I was watching Orange Is The New Black with my spouse. It was the episode where we get to see Laverne Cox’s character’s backstory. Her wife was so supportive of her transition and it made me feel sappy, so I turned to my spouse and said, “I would support you and love you the same if you were a woman.” He turned and looked at me in disbelief. When he said the reverse wasn’t true, I was offended.

Because I love and am attracted people regardless of their gender or sex. Like, that literally does not matter at all to me. Generally, I thought most people were like me. Hearing that my spouse cared about my gender or sex so much was weird to me. It started the wheels turning. I never thought I’d be 30ish and questioning my sexuality. Nothing about me felt different, though. I had always had crushes on guys, girls, and especially people who weren’t, like, super masculine or feminine. But, I only ever really dated guys. (OK. Honest talk here: I married my first boyfriend…so…kisses on the other hand, men were in the minority) 

A great thing happens when you get a little older. First of all, so many of the people I knew in younger years as straight and cis, are openly LGBTQIA. All of these wonderful shades of nuance came into focus as more and more of my peers lived their truths.

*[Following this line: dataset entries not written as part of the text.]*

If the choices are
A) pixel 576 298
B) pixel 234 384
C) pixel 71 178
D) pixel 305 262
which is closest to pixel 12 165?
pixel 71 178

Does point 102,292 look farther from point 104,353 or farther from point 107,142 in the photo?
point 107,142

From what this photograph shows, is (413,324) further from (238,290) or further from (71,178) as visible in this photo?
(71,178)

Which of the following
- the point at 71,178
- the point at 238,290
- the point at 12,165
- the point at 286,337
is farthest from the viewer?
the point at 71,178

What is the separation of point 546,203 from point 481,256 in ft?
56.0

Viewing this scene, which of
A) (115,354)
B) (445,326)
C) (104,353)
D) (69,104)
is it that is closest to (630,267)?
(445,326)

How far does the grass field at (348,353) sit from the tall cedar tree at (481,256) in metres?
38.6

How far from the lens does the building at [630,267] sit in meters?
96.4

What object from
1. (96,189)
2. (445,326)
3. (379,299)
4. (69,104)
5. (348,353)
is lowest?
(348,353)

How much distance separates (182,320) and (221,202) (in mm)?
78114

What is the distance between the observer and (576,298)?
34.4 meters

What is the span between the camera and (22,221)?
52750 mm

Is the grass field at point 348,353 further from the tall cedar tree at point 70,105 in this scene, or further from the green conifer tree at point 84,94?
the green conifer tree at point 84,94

And suddenly, the fact that I had kissed more girls than guys, and the fact that a huge majority of what I considered crushes were almost solely platonic started to make me wonder.

Right now, where I sit, as a 34 year old woman: I am a white cis woman who is married to a white cis man and has children, but I’m also pansexual and demisexual. Another way I look at it is, I’m queer enough that I identify, but I’m also super privileged so I need to cede my voice and listen when my more marginalized pals talk. 

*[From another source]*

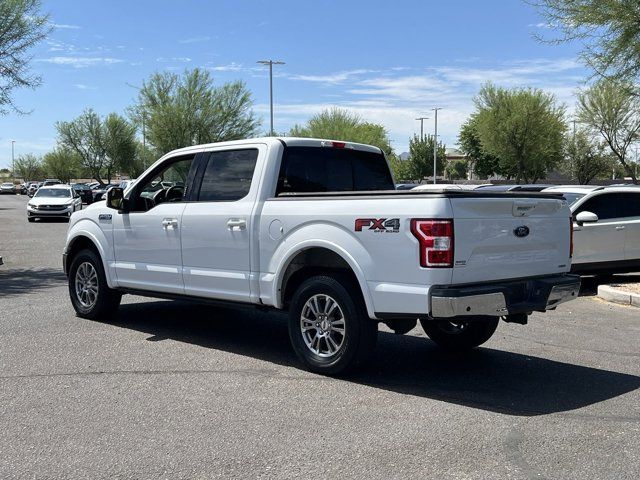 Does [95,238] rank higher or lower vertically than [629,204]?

Learning the term “demisexual,” by the way, was the closest thing I’ve had to a true lightbulb moment in my entire life. I’ve just never walked around thinking about sex. Or having urges to jump anyone. My urges were more like “I want to have coffee with them” or “I’d like to make them smile.” Only when I was really and truly fully enamored with someone on a fairly deep platonic level, did I *ever* want to kiss them. I need to be super comfortable with someone. And the other lightbulb moment came when I realized that my friends who had flings and one-night stands were maybe allosexual. I had always struggled to understand how you, like, meet someone, think they’re hot, and then jump in the sack with them. I wouldn’t say I judged them. Because that’s, like, against the rules of feminism. I just didn’t understand them, even though I’m very sex positive. I want all people to have the sex life they want (with consensual parties). I don’t need to understand someone’s sexual experiences to accept them. And that has been a really powerful lesson.

We can all, all the time, work on being more understanding and accepting. I have always been an ally and a feminist, but I still learn ways to be better at both of those things. 

As a writer for teens, part of me is excited to include things that I didn’t know about at that age. In The Birds, the Bees, and You and Me there are characters who are bi and on the ace spectrum (*cough* very similar to me). I grace those characters with more self-knowledge than I had, because I can’t imagine how awesome it would have felt if a friend turned to me and said “yeah, I choose random celebrities to be ‘obsessed with’ because other people are doing that,” and I’d be, like, “right?” Or someone to be like “well, gee, I actually think androgynous people are hot. And that’s valid.” Or if anyone ever used the term “nonbinary.” Holy smokes, the doors it might have opened.

This is by no means a “kids these days have it so good,” kind of post. It’s just that I do want to do my part to help kids these days. If I’ve done that–even in a small way–as an author, then a dream has come true. 

Folks, there are just billions of ways to be a person. You can label these facets, or you could decide you hate labels. You can love in so many different ways. When I think about that, it’s impossible not to smile.